I grew up in rural Mississippi, a black girl who lived "out in the booneys," fairly isolated from peers outside school. My God-fearing parents brought me up in an African Methodist Episcopal church that stood just beyond the edge of the woods. At the right age, I waded into a muddy watering hole, only recently vacated by the cows who drank there, and got dunked by the preacher and welcomed into the church and the kingdom of God.
That was my baptism, but I wouldnt call it a conversion experience. I felt very innocent then, and would until I left home for college in Massachusetts. There I got my first taste of diversity. Most of my classmates didnt believe as I did. Most of my African-American friends felt as if my faith was some kind of relic from our slave heritage, a white-supremacist trick that I had bought into.
Up until then I hadnt had any inclination to become political, and life hadnt given me any reason to be angry. I still havent learned these traits well, even though it was in the educated Northeast, not the backwoods of Dixie, that I personally experienced the pain of racial hatred, sexism, and religious bigotry for the first time.
Through Gods grace and relationship with other Christians, I survived college with my sanity intact, and with a clearer, though less innocent, understanding of the world.
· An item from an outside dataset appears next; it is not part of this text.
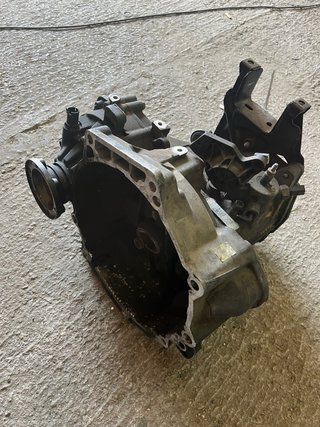 Caja de cambios seat ibiza 6L 1.9 tdi JXY 26087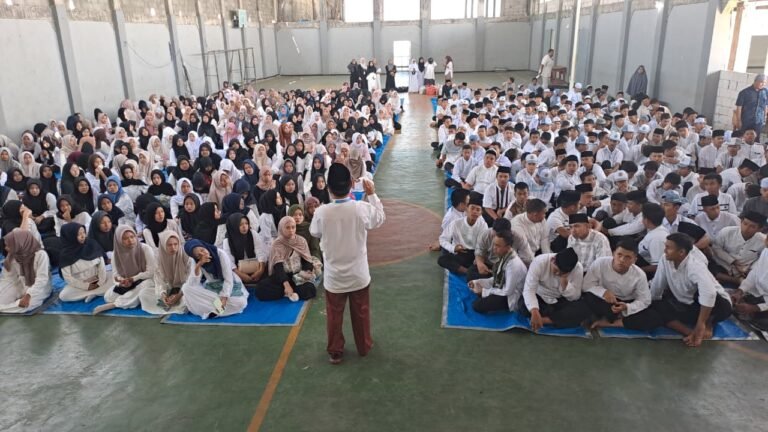 Momentum Maulid Nabi Muhammad Shallallahu Alaihi Wassallam Menjadi Motivasi SMK Mugas untuk Ramah Bersikap, Unggul Berkarya, Profesional Bekerja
In retrospect I see that we were all confused, all trying to figure life out.
I have returned to the South and settled in a racially mixed community of Christians, among people who recognize the equality of humanity implied by the statement "all have sinned and fall short of the glory of God." Im sure my generation will continue to struggle with meaning, identity, and purpose until they come to realize that, from an eternal perspective, the only equal opportunity that matters is our equal access to Gods grace.